■ TASK INSTRUCTIONS
Only the lines from the line containing "Potawatomi Fire Guard" through the final line of the entries should be printed, exactly as given, with the pictures left out.

(Extracted records)
"""

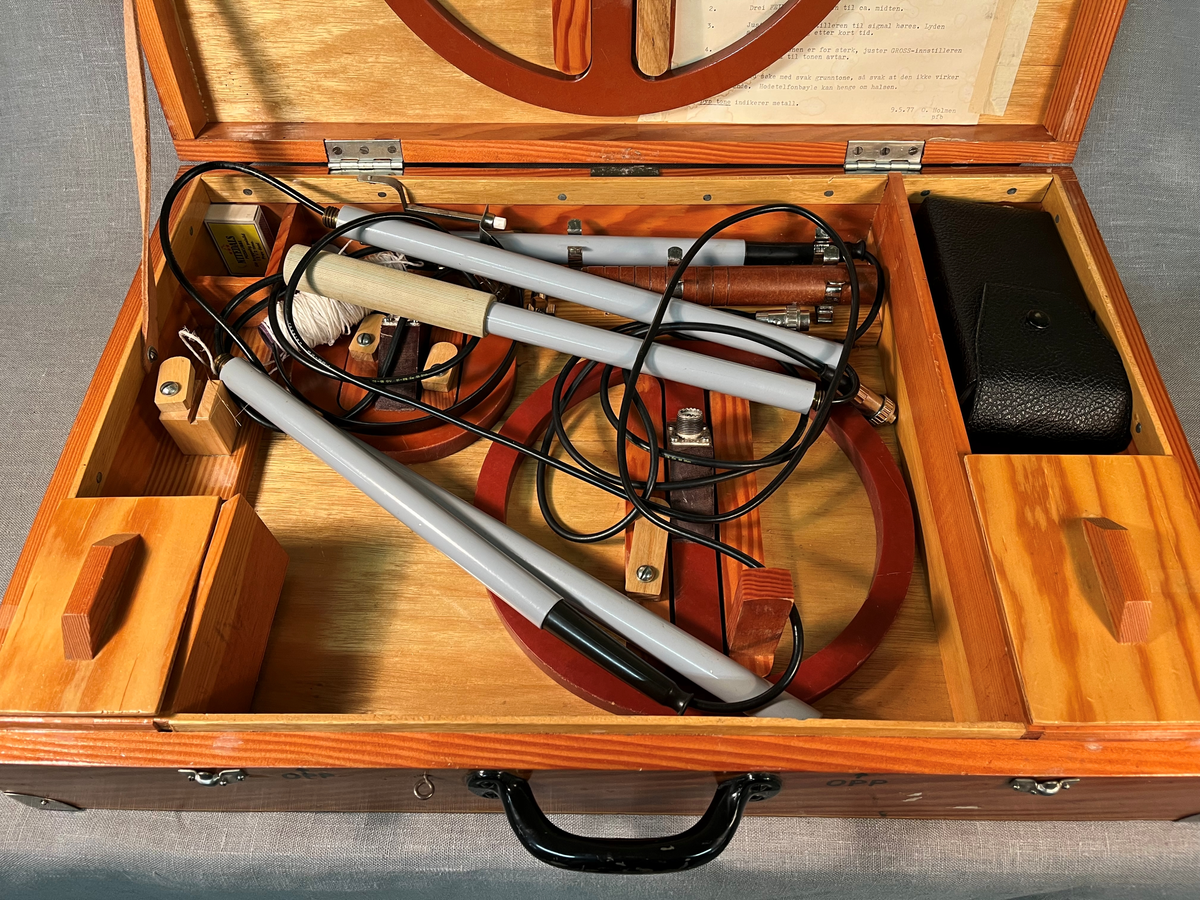 Sammenleggbar metalldetektor oppbevart i trekoffert. Bruksanvisning medfølger.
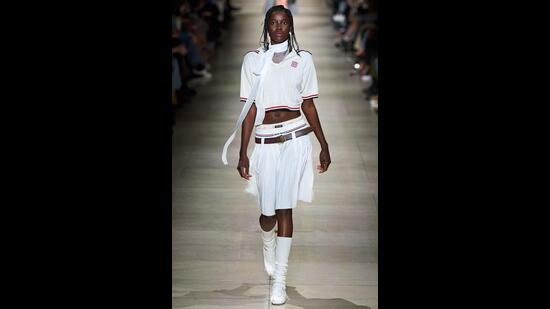 A model walks the ramp wearing tennis top and skirt at Miu Miu’s Fall 2022 ready-to-wear collection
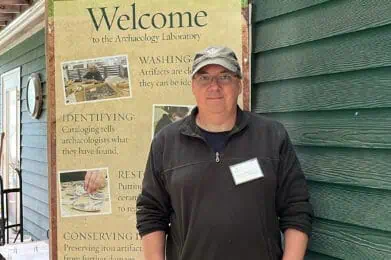 A man stands in front of a green building next to a "Welcome to the Archaeology Laboratory" sign with information about the lab’s activities.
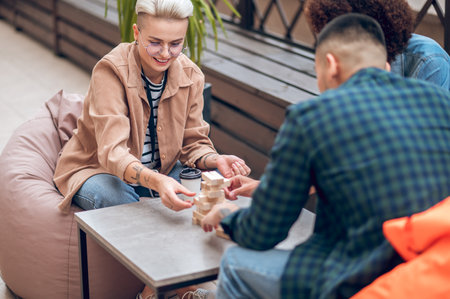 Company of three playing wooden blocks on the veranda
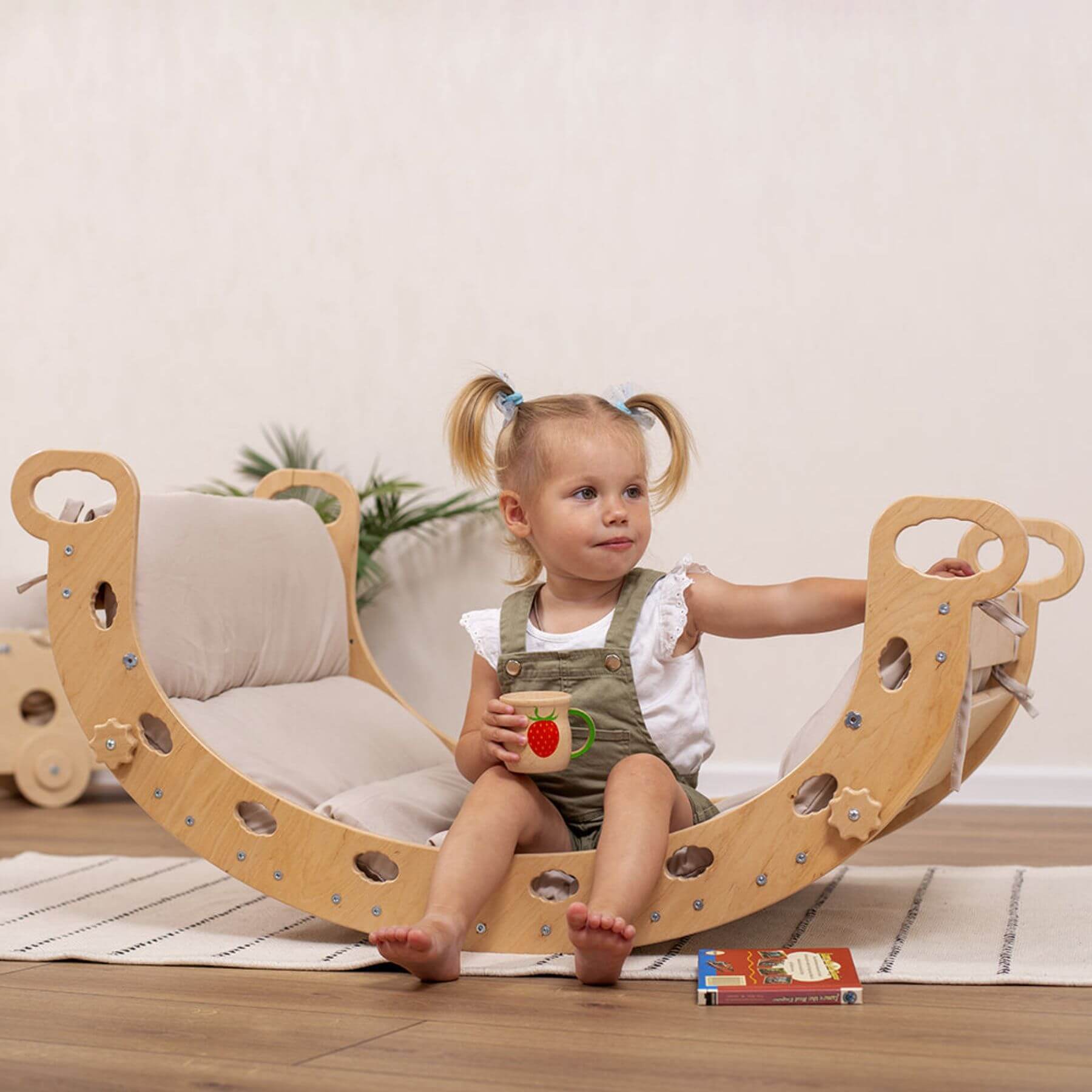 Girl Sitting on Wood and Hearts Montessori Rocker & Pillow Sandy Bay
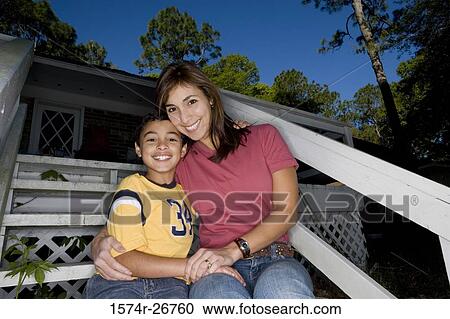 Portrait of a cheerful mother embracing her son on the staircase View Large Photo Image Stock Image - Portrait of a cheerful mother embracing her son on the staircase. Fotosearch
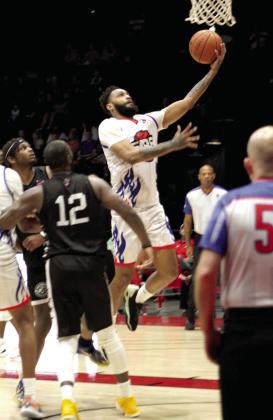Potawatomi Fire Guard Darin Johnson makes a layup in the second quarter of the home game on April 29.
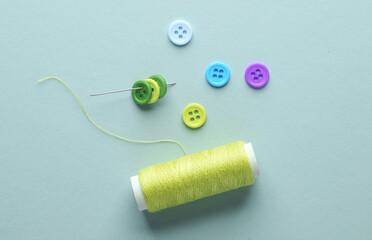 Skein of yellow thread and a needle, buttons on lavender blue background. Sewing accessories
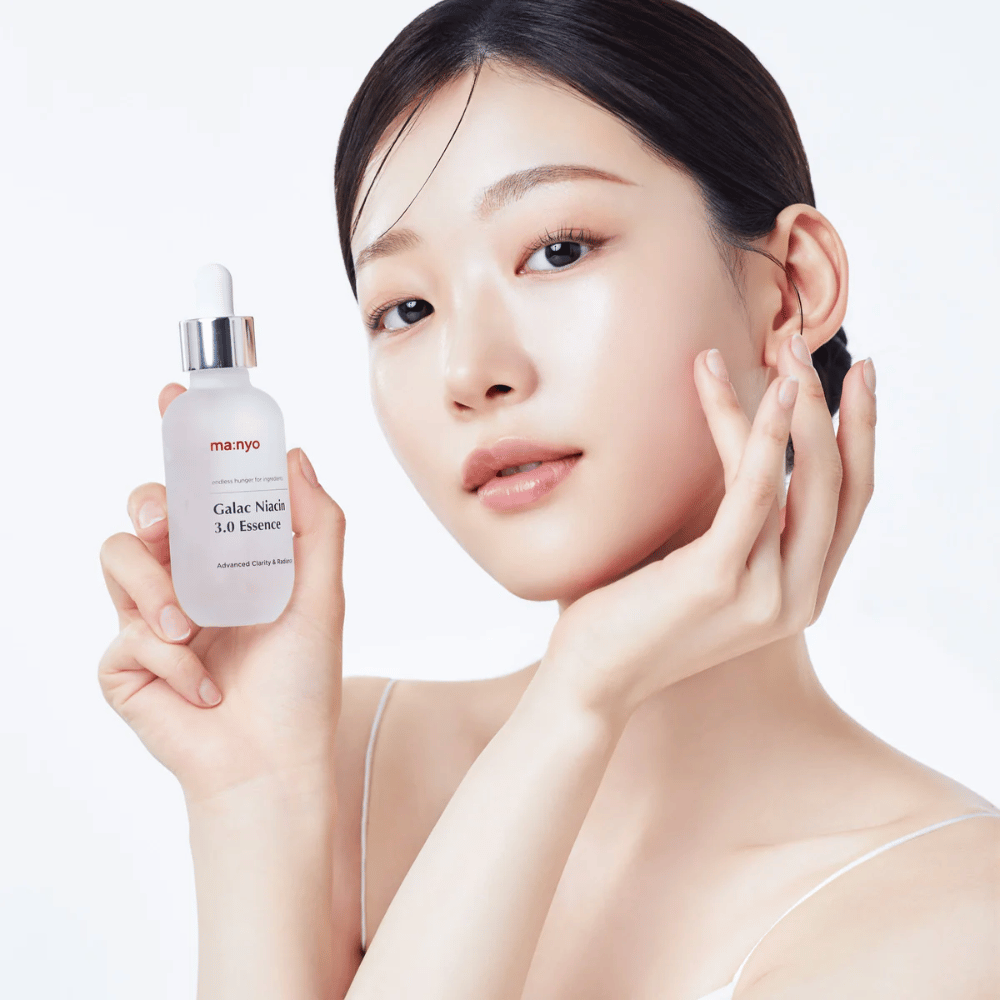 Frau mit strahlender Haut hält Ma:nyo Galac Niacin 3.0 Essence – koreanische Essenz, die einen gleichmäßigeren Hautton und natürlichen Glanz verleiht.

"""

■ RESPONSE AREA
Potawatomi Fire Guard Darin Johnson makes a layup in the second quarter of the home game on April 29.
 Skein of yellow thread and a needle, buttons on lavender blue background. Sewing accessories
 Frau mit strahlender Haut hält Ma:nyo Galac Niacin 3.0 Essence – koreanische Essenz, die einen gleichmäßigeren Hautton und natürlichen Glanz verleiht.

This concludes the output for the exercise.